This is the 2nd post of ‘The Soft Spot’ – a new section on the Naropa University blog dedicated to compassion.
A review on kindness by Gaylon Ferguson, PhD, Associate Professor, Religious Studies
A note to the reader: A version of this review previously appeared in the Shambhala Sun where it was titled:
This review is based on:
By Adam Phillips and Barbara Taylor
I love stories. In fact, I am far from alone in this pleasure: we human beings, as a species, delight in narrative—one of the fundamental ways, cognitive psychologists now tell us, we make sense of our world. I remember as a child eagerly looking forward to evenings when my grandmother would tell and re-tell all my old favorites: the Tortoise and the Hare, Goldilocks and the Three Bears, Little Red Riding Hood and the Wolf. Later, after I could read for myself of the rumpus of wild things, of ancient Greek heroes making the long journey home, and brave women warriors in China, I learned that stories not only delight but also instruct. Our everyday actions are crucially informed by the stories we believe about ourselves and about each other. Stories are one way we seek to answer the most fundamental questions of life: who are we really, and what are we really like?

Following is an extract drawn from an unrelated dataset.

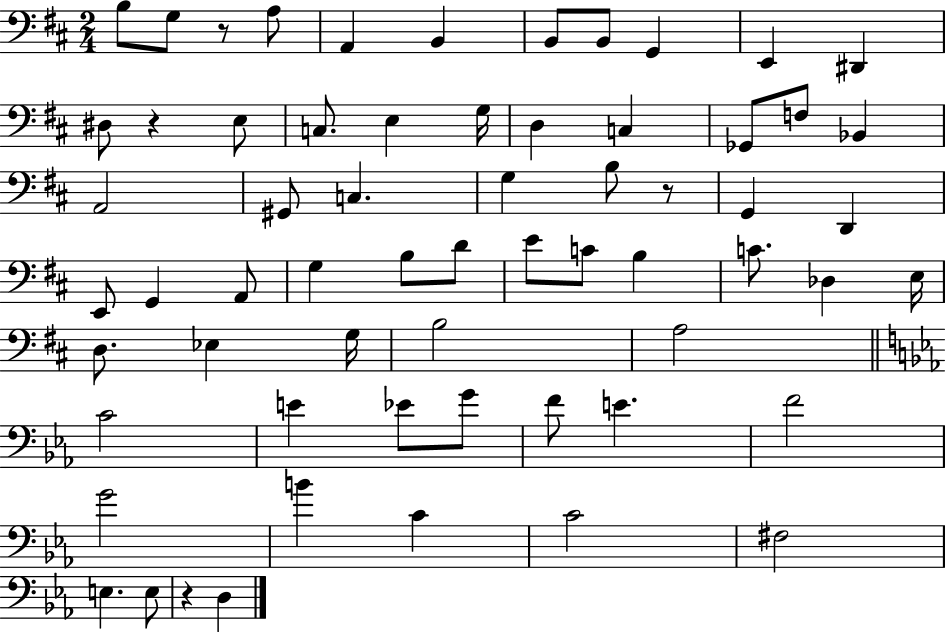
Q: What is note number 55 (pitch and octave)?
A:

These three books challenge us to rethink some of the dominant cultural narratives of our time, the stories we inherit and then re-tell ourselves and our children about our basic nature as human beings. As psychoanalyst Adam Phillips and historian Barbara Taylor wonder in On Kindness, why are many people, upon hearing about acts of courage and compassion, “surprised by the blindingly obvious? Why do the pleasures of kindness astonish us? And why are stories about kindness often so corny or silly, trivializing of the things that matter most to most people?” Their book persuasively explains why and how we have come to think and speak this way about that fundamental human virtue: kindness.

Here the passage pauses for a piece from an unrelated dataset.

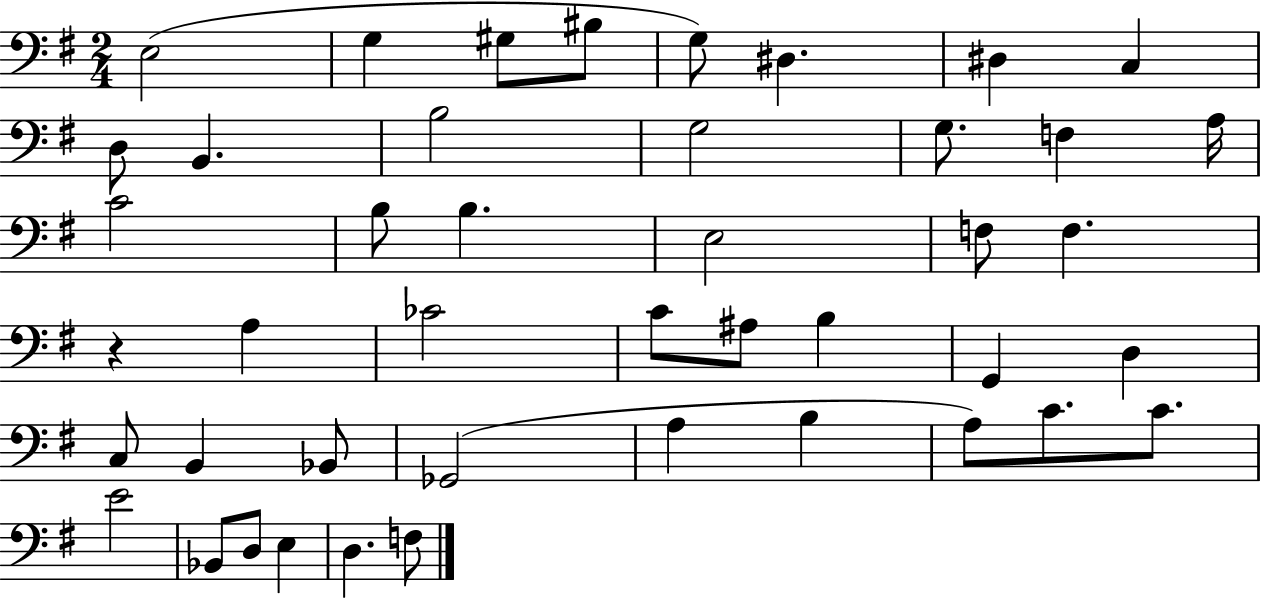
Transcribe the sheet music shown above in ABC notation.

Turns out it was not always this way: the Roman philosopher-emperor Marcus Aurelius called kindness humanity’s “greatest delight.” We inherit from the ancient Greeks words for the love of humanity (philanthropia, agape) and from early Christians a key term for universal loving-kindness (caritas). In a lively and learned early chapter, Phillips and Taylor retrace the fateful steps whereby ideas of altruism and benevolence in the classical age have come to seem, in modern times, merely sentimental, vaguely “soft-minded,” and unrealistic. As one busy, urban physician worried out loud during a group meditation retreat I attended last summer: “Won’t I be taken advantage of if I think too much of the well-being of others? If I don’t seem tough as nails in my field, people will walk all over me!” Taylor and Phillips chart the effects of our ingrained cultural training: “Most people, as they grow up now, secretly believe that kindness is a virtue of losers.”

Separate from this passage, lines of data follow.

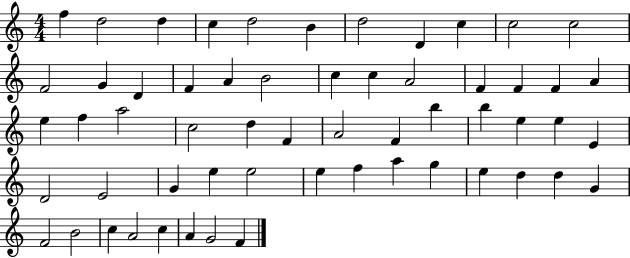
X:1
T:Untitled
M:4/4
L:1/4
K:C
f d2 d c d2 B d2 D c c2 c2 F2 G D F A B2 c c A2 F F F A e f a2 c2 d F A2 F b b e e E D2 E2 G e e2 e f a g e d d G F2 B2 c A2 c A G2 F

Here is the question all three books at hand address: are we kind primarily out of fear and weakness and coercion—or is there a natural inclination toward sympathy, literally a “feeling with” others? The images of human life projected in far too many talk shows, televised and cinematic dramas showcase an inherent selfishness. The implicit cultural worldview is skillfully embedded: it’s a mean-spirited world out there in which everyone is primarily and often exclusively looking out for “number one.” Taylor and Phillips question this chorus of modern voices raised against kindness: “An image of the self has been created that is utterly lacking in natural generosity. Most people appear to believe that deep down they (and other people) are mad, bad, and dangerous to know; that as a species—apparently unlike other species of animal—we are deeply and fundamentally antagonistic to each other, that our motives are utterly self-seeking, and that our sympathies are forms of self-protection.”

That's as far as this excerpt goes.